Deutschland hat jede Menge Top-Torhüter, die um das Nationaltrikot mit der Nummer 1 kämpfen. Zuletzt lieferte Leverkusens Adler gegen Südafrika beim 2:0-Erfolg eine hervorragende Leistung ab. Am Mittwoch im WM-Qualifikationsspiel gegen Aserbaidschan (ab 20:30 Uhr im Live-Ticker auf bundesliga.de) wird Enke vor heimischer Kulisse in Hannover das deutsche Tor hüten.

Im Interview mit bundesliga.de erklärt Europameister und Vizeweltmeister Toni Schumacher, warum das Niveau der deutschen Bundesliga-Torhüter so hoch ist - und warum Nationaltrainer Jogi Löw auf dieser Position fast nichts falsch machen kann.

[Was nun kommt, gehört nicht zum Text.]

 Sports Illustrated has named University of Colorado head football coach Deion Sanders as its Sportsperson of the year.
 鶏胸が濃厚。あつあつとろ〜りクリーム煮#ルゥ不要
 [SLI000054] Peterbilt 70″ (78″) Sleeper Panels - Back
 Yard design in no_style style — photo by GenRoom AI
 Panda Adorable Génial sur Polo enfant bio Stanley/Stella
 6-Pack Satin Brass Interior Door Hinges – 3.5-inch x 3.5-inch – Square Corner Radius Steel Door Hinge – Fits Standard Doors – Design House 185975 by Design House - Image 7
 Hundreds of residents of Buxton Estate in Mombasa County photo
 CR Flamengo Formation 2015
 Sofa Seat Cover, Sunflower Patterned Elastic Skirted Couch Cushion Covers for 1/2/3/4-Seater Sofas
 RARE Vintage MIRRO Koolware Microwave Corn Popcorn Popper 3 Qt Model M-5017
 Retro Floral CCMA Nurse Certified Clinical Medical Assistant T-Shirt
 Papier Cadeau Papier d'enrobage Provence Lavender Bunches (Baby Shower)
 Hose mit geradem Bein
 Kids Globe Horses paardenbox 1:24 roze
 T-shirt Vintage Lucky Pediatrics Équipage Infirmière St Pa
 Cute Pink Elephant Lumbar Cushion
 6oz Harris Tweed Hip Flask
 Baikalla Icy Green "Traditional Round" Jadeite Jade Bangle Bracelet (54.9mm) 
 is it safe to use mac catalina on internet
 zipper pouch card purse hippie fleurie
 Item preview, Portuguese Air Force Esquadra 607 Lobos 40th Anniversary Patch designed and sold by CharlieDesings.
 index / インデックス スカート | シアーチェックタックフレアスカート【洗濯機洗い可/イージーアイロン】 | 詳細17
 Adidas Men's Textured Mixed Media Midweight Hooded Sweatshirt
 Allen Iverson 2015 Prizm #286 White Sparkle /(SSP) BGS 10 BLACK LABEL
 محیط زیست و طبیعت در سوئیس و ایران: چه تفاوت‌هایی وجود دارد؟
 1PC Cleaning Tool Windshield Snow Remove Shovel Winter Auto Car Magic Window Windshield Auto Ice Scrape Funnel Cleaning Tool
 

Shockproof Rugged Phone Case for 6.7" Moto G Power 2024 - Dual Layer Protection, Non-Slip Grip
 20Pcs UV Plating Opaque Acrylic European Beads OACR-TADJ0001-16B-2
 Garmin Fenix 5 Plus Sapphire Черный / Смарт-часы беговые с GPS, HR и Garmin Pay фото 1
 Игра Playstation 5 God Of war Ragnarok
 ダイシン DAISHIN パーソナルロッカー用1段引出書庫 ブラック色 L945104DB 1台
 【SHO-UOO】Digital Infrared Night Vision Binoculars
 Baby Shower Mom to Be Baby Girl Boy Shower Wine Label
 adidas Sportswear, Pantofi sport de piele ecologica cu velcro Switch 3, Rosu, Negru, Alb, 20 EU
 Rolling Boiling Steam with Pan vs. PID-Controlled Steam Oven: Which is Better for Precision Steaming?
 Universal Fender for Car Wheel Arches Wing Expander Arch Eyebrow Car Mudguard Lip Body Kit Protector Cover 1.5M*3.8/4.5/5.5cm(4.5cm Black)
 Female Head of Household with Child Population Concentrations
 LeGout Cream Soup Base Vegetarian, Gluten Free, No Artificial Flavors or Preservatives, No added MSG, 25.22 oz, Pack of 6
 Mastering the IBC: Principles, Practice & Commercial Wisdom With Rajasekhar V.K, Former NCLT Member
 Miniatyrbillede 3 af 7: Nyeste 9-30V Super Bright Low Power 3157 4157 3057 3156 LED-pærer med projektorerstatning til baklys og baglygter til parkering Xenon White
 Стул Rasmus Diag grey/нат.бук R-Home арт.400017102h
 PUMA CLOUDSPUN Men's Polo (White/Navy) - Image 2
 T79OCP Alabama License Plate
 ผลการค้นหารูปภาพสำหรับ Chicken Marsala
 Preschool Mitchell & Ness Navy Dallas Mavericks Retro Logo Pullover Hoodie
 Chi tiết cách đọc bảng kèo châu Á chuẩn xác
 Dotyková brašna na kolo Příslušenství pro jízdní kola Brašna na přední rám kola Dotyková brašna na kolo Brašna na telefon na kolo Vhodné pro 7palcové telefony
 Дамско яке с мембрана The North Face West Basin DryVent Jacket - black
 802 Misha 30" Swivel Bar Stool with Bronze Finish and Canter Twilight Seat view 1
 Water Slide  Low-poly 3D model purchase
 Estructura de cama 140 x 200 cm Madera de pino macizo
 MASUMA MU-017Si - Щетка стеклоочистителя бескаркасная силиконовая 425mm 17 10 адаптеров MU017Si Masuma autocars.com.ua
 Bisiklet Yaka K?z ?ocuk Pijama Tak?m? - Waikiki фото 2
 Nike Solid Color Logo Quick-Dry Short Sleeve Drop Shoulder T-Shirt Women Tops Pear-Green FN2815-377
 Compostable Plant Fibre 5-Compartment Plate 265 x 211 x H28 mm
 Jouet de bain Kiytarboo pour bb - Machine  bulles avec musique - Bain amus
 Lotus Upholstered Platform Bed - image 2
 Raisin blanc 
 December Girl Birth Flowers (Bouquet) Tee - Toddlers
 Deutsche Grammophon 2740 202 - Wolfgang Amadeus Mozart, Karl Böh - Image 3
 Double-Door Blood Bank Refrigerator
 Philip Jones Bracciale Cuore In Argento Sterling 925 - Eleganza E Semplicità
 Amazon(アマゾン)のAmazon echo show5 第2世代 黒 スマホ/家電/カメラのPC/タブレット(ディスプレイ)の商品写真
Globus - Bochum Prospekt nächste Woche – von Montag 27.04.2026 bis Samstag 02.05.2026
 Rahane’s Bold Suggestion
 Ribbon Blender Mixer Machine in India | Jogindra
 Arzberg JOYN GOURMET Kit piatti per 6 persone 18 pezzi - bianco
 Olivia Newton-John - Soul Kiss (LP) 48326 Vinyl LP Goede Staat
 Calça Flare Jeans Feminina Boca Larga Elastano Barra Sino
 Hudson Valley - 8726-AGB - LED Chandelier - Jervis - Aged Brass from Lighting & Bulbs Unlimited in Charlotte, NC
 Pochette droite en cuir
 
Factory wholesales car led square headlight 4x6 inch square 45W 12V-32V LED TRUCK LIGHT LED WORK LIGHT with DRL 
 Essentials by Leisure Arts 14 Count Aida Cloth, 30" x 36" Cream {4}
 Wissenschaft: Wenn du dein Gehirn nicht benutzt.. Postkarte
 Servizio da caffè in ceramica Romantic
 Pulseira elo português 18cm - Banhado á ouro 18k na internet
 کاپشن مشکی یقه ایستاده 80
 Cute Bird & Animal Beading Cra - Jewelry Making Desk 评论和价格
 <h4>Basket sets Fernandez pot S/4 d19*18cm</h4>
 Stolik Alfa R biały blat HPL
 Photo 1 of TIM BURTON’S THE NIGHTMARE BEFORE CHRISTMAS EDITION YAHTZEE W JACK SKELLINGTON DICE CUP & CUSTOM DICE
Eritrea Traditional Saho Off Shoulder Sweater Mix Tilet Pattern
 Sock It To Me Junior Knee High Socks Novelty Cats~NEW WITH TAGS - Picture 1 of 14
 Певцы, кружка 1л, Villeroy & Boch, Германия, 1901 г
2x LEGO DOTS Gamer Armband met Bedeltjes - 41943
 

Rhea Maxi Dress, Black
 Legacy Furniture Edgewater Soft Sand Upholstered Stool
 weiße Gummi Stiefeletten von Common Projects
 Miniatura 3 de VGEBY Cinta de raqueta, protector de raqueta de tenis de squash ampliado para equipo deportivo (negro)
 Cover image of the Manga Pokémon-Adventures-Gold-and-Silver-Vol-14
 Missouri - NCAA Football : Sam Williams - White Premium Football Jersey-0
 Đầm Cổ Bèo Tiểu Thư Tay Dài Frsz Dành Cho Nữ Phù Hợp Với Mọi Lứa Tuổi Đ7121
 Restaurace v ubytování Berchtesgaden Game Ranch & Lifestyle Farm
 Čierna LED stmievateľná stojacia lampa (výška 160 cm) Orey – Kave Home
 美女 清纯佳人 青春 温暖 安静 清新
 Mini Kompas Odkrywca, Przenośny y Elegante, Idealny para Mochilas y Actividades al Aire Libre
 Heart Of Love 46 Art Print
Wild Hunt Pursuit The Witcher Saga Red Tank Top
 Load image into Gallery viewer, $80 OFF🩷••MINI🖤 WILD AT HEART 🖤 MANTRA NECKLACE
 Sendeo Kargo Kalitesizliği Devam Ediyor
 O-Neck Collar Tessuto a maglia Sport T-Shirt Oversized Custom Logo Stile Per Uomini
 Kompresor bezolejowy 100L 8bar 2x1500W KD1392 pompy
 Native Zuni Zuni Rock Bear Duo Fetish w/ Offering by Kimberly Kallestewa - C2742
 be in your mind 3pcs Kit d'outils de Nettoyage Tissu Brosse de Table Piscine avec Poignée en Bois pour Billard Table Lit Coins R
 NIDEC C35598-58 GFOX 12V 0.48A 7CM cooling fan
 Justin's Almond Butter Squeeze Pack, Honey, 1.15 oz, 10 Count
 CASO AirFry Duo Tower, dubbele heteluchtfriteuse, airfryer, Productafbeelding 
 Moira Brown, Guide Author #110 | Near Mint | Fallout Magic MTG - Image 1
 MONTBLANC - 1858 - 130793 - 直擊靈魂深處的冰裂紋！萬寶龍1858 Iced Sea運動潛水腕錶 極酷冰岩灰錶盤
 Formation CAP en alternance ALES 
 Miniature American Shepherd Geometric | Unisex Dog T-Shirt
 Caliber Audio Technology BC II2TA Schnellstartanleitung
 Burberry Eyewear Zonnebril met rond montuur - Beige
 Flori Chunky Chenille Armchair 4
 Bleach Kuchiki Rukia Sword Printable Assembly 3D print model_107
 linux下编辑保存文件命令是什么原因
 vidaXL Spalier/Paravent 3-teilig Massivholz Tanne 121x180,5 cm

bundesliga.de: Herr Schumacher, wir würden Sie gerne einige Dinge zu den aktuellen deutschen Torhütern fragen.

Toni Schumacher: Gibt es denn da etwas Neues?

bundesliga.de: Eben nicht. Aktuell sind mindestens zwölf von 18 Stammtorhütern in der Bundesliga aus Deutschland. Warum sind sie seit Jahrzehnten so beständig gut?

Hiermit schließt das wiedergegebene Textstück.